AJ Bell press comment - 14 June 2022
- Job vacancies rose to a record 1.3 million, according to labour data released by the ONS today
- Unemployment at 3.8%
- Regular pay fell 2.2% in real terms – despite robust wage growth
- Widening gulf between private and public sector pay growth heaps pressure on industrial relations
Laith Khalaf, head of investment analysis, AJ Bell:
“The economy might be stalling, but the labour market is still extremely tight, thanks in no small part to the large number of people who left the workforce during the pandemic. Job vacancies now stand at a record 1.3 million, and while growth in that number is slowing, the figure itself is still climbing, which of course makes life more difficult for businesses looking to recruit.
“The hot employment market is reflected in robust wage growth in the private sector, where total wages grew by 8% over the last year. That level of private sector wage growth is commensurate with the levels we saw in 2021, as the vaccine roll out allowed the economy to open up, but this time the distorted base effects have largely fallen away, which makes the number more meaningful. At an economic level this begs the question of whether a wage price spiral is beginning to bed in. It’s too early to answer that question, though a large part of the jump in private sector wage growth came from bonuses, perhaps a sign that companies are keeping staff happy with discretionary payments that can be withdrawn further down the line, should conditions change. Without bonuses, regular pay growth in the private sector came in at a more modest, but still respectable, 4.8%.
“Things are not so rosy in the public sector, where total pay growth came in at just 1.5%. That level of pay growth affords little protection for public sector workers against the ravages of high inflation, and heaps pressure on industrial relations, where we could continue to see the threat of strike action as a result.
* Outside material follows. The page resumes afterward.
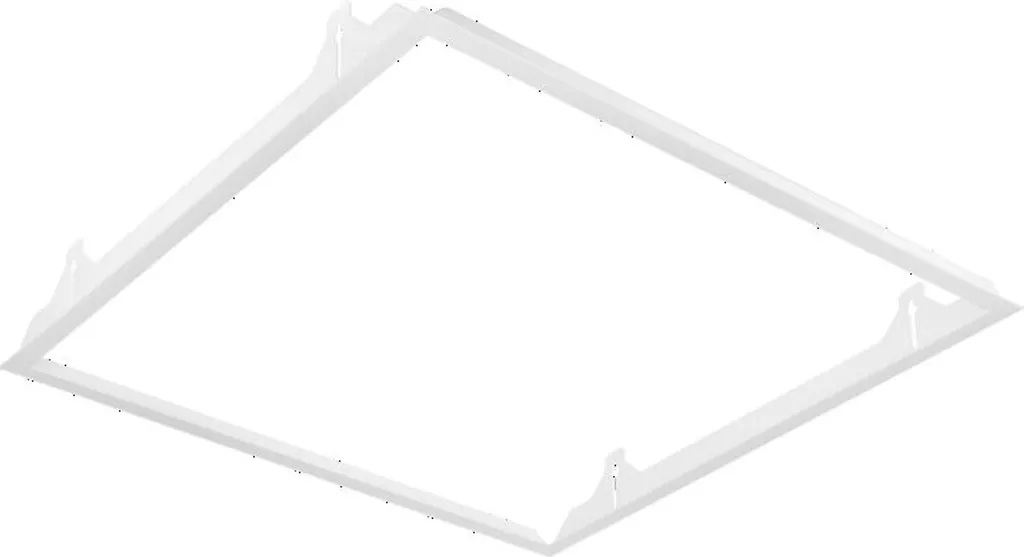 Kit d'encastrement Ledvance M600 pour dalle LED en faux plafond Placo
Across both public and private sector total pay growth after accounting for inflation came in just positive at 0.4%, though regular pay growth before bonuses fell by 2.2%. That means that elevated inflation has basically pinched the pay gains that workers have made, and as a result of the big wedge between private and public sector pay growth, that will be most keenly felt by public sector workers.
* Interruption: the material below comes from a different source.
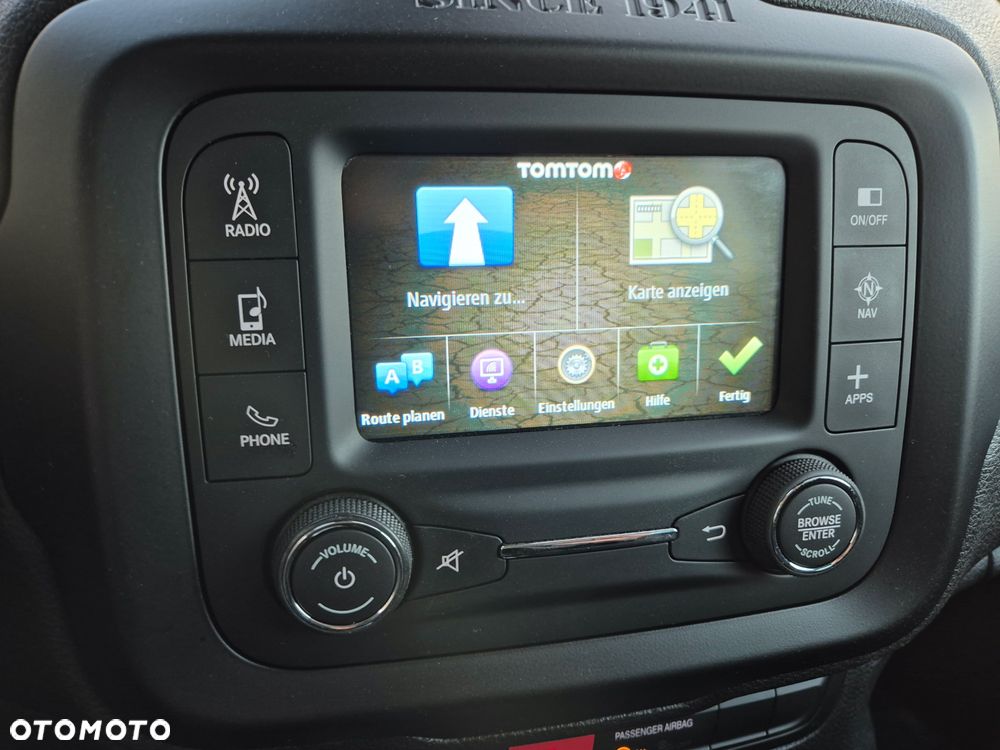 Jeep Renegade 1.6 E-TorQ Longitude - 21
“The red hot labour market leaves little option for the Bank of England but to keep pressing down on the emergency brake pedal of interest rate hikes. The UK economy unexpectedly shrank in April, but the bank won’t pay too much attention to that, seeing as it was only one month’s reading, and was heavily distorted by the winding up of the Test and Trace service. The Bank of England has to prove it’s serious about controlling inflation to maintain credibility, even though it’s raising rates into a slowing economy. The result is a nightmare for consumers, who will face higher mortgage bills on top of rising fuel and energy bills. The cost of living package provided by the government will help, but ironically it might spur the central bank to raise rates more aggressively.”